Here are some more reflections on my recent trip to Israel (part I appeared in last week’s bulletin.)

I prayed three times at the Jerusalem Great Synagogue: (a) My first Shabbat morning, I went with my son and grandson for davening. They were hoping to hear a world-famous hazzan and rabbi. However, since it was a couple of weeks before RH, I guess the rabbi and hazzan had a vacation. Yet. after the prayers, I gave a warm yishar koach to the man who had been leading the davening, as I told him that it was exactly the nusach that I remembered from my youth minyan when I was in high school. Also, I was honoured to receive an aliya to the Torah.

(b) The following Sunday, my son and I went to mincha/arvit at the Great Synagogue.  We prayed in the Sepharadic minyan on the first floor of the Great Synagogue. But in the hallway, we heard some beautiful singing.

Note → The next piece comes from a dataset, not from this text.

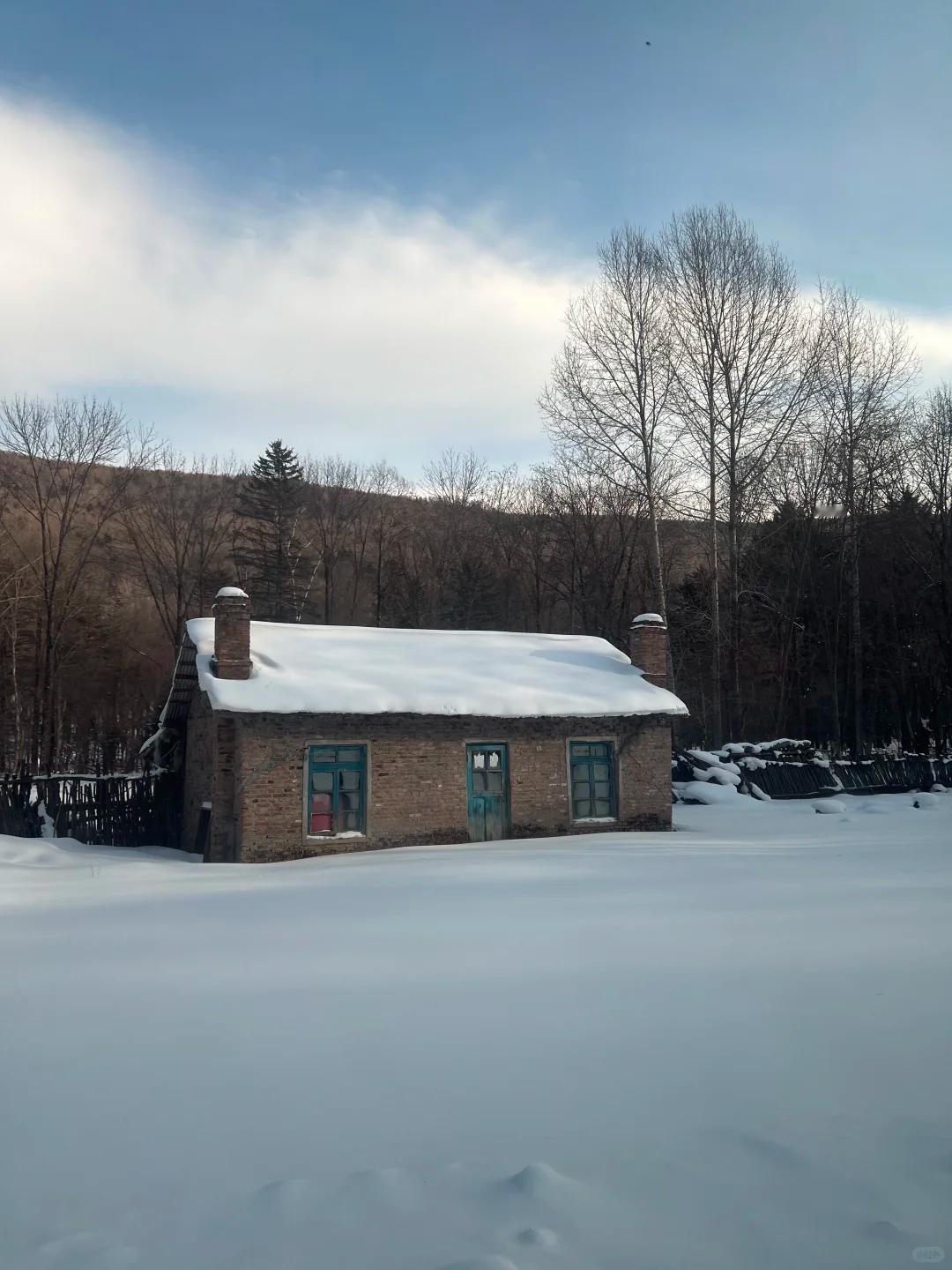 冬季自驾游要注意什么最近总刷到冬季去西北自驾的视频，忍不住自己也做起了攻略，准备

Their brilliant musical conductor, Eli Jaffe, was conducting a choir rehearsal in preparation for selichot. We sat there for several minutes and were amazed by his erudite explanation of every nuance in the selichot melodies.

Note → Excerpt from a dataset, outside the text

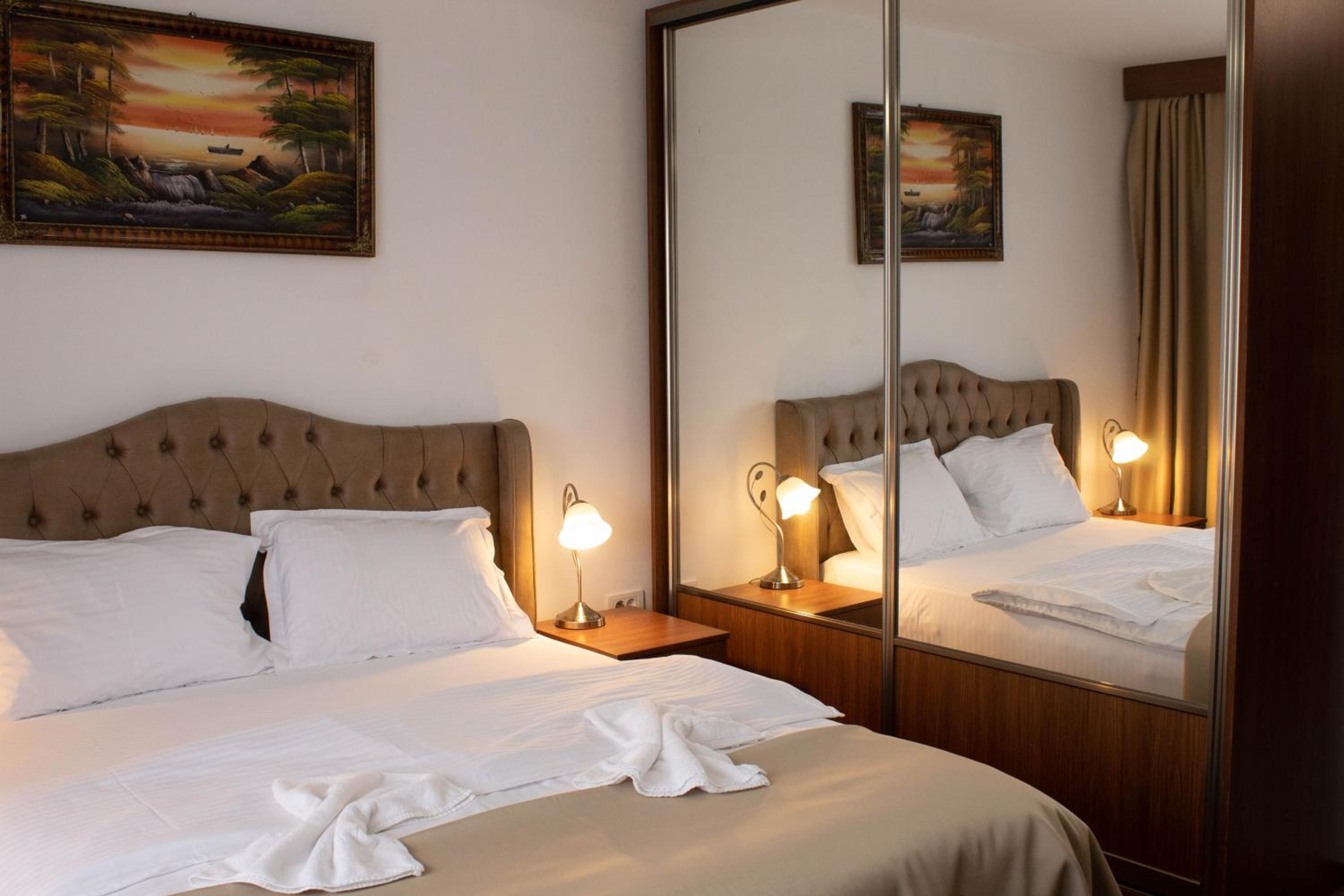 Double Room - Photo 4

(c) On selichot night, I went with Ron Gehr and his family to hear traditional pre-RH selichot. I was impressed by the large number of people who came to participate, by the beautiful music of the hazzan and choir, and by the boundless energy of the the choir leader (the aforementioned Eli Jaffe.) But I did have one complaint: although I am knowledgeable about selichot, I did have some trouble figuring out where they were “holding.” I innocently asked: “why didn’t they announce pages?” The emphatic answer that I received was that “no one announces pages in Israel!”  Perhaps that is something the Israelis could learn from us!!


One wonderful experience that I had was the evening when I met with several former Herzliah students of mine who had made aliya. UTT/Herzliah should be very proud of this accomplishment.

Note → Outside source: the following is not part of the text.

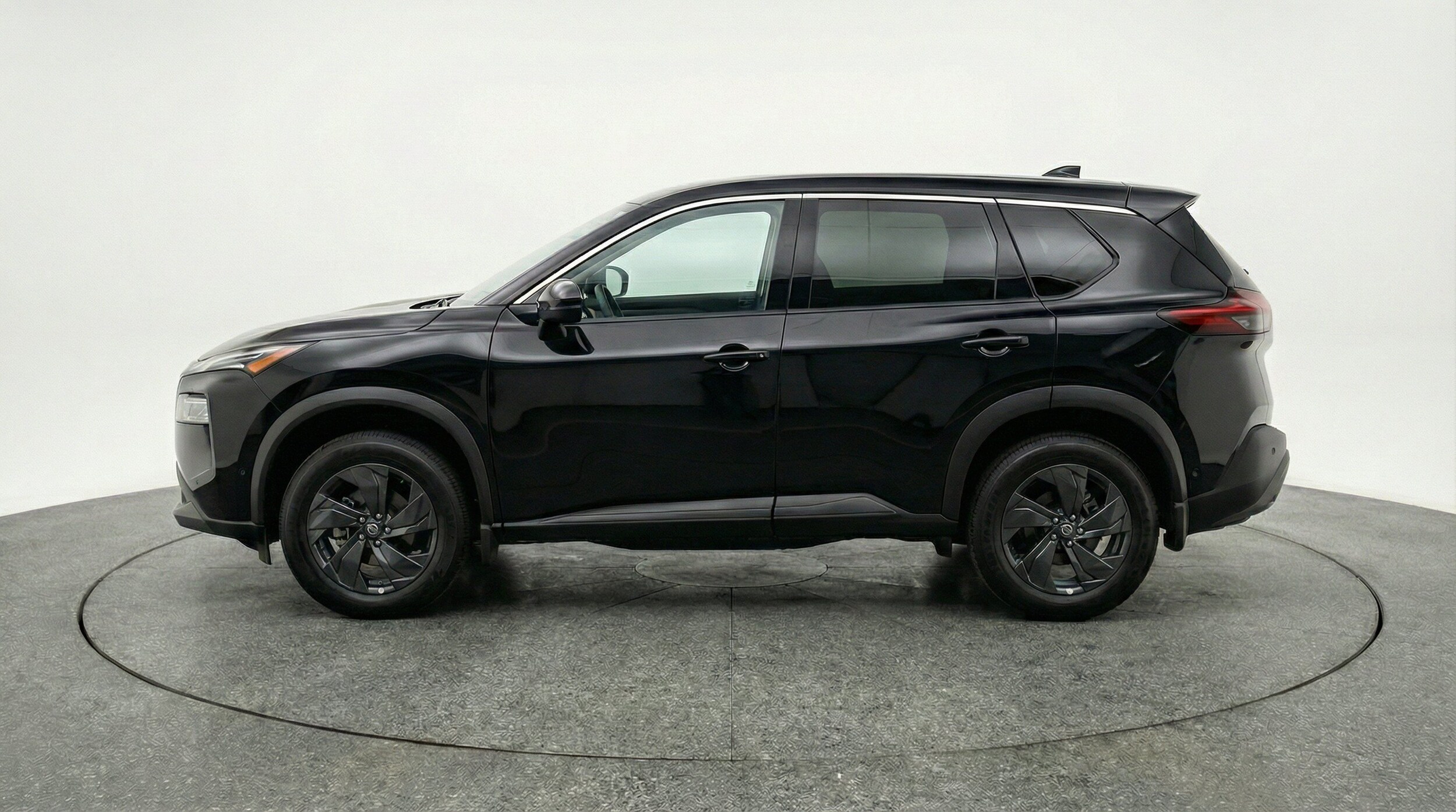 Thumbnail: 2026 Nissan Rogue - 5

[Sadly, I met one shabbat with the daughter of our student the late Dr. Nahum Kovalsky zichrono livracha.

I was told that 2 former students of Herz have been in the Knessset: Michal Cotler and Dan Illouz. When I proudly mentioned this to the men in my brother’s shul in Netanya, they all responded that the Knesset is the worst place to be. It has become a forum for disrespect and shouting. We must direct our prayers that there should be shalom IN Israel:  We have enough problems with our enemies: let’s have peace among ourselves!


I happen to be rereading now the great novel of Shai Agnon, “Temol Shilshom.” [I first read it the year after graduating from high school!] So, it was a real thrill to pray in the shul where the Gehrs go, as it as called the Agnon shul, since he used to daven there and lived on the next block!


A wonderful experience in Netanya was going to the Mediterranean, after walking through the kanyon [that is, the big shopping mall.]  No, I didn’t swim, but I was able to make the beracha: “barukh ‘attah HaShem,” “who made the great sea.”

On Rosh haShanah, between Mincha and Maariv, all of us shul goers climbed up a hill, from where we could see the beautiful blue of the Mediterranean, in order to say tashlikh. With all due respect to the kiddie’s pool opposite the Spanish, it can’t compete with tashlikh overlooking Yam HaTichon!